Raw data:
• • • •
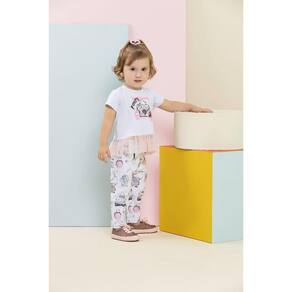Conjunto infantil modinha - blusa e legging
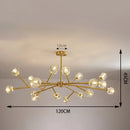 Adjustable Nordic Crystal Chandelier Elegant Lighting Fixture Ideal for Restaurant Living Room by Ljojo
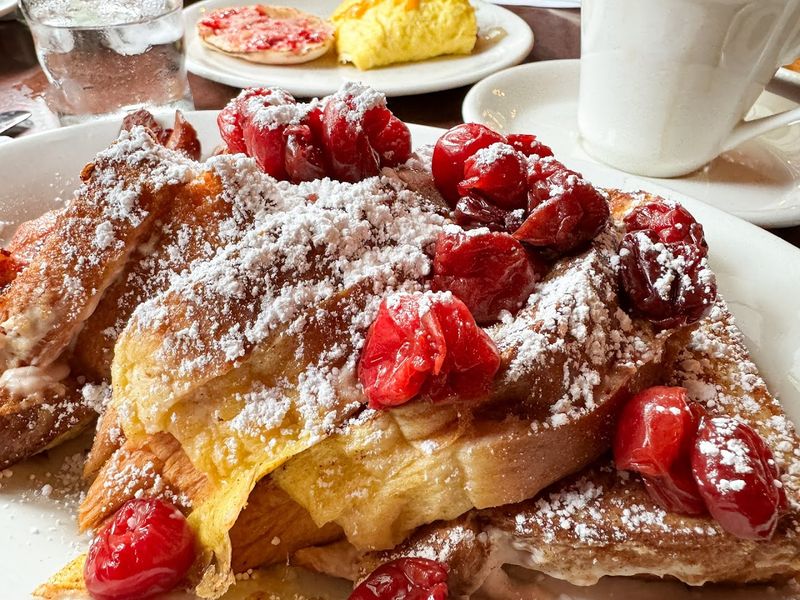 The Cherry-Stuffed French Toast Is The Star Of Breakfast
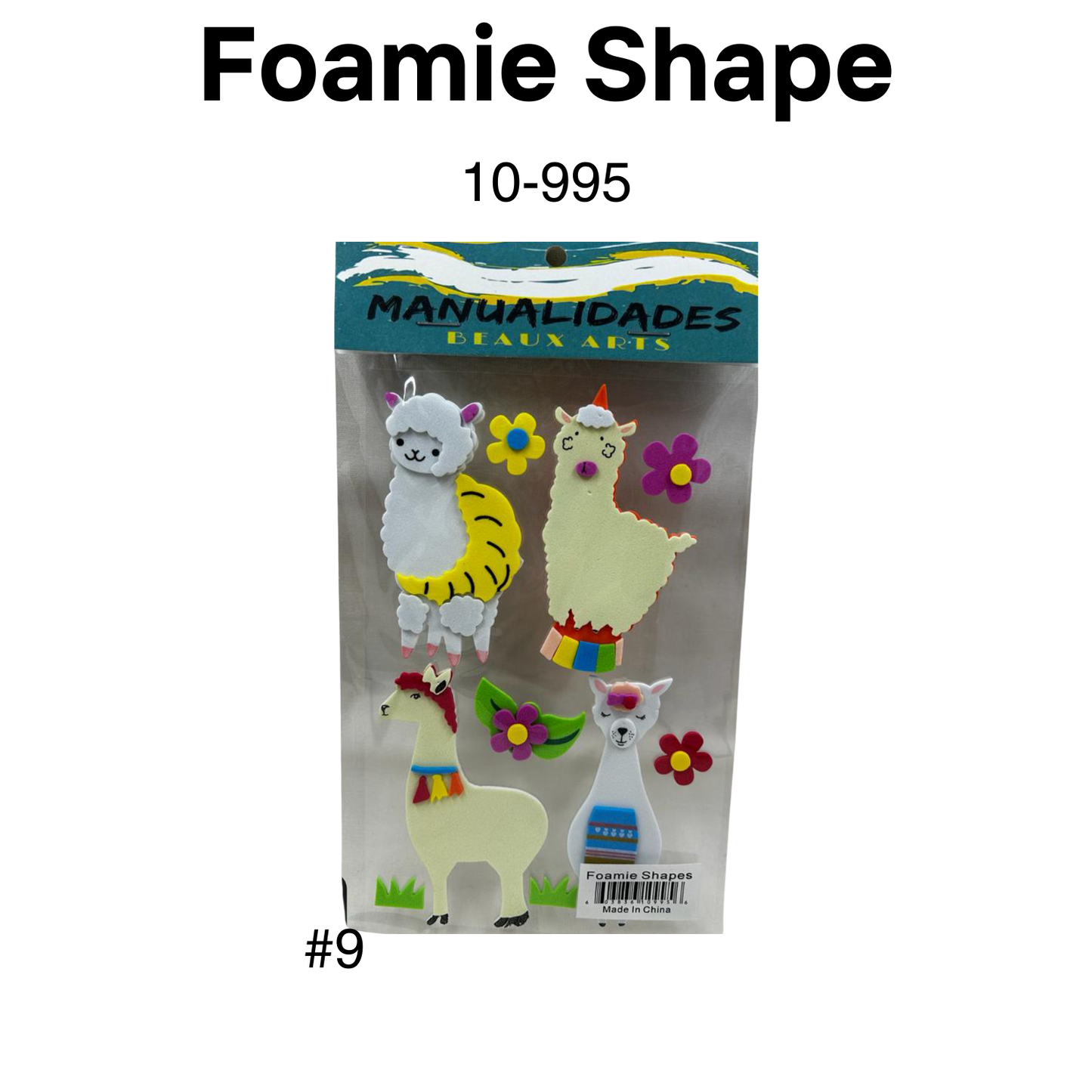 Item:10-995 Foamie Shape de Llama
• • • •
Brief:
Please output all of the data exactly as given, omitting any images it holds.

Output below:
Conjunto infantil modinha - blusa e legging
 Adjustable Nordic Crystal Chandelier Elegant Lighting Fixture Ideal for Restaurant Living Room by Ljojo
 The Cherry-Stuffed French Toast Is The Star Of Breakfast
 Item:10-995 Foamie Shape de Llama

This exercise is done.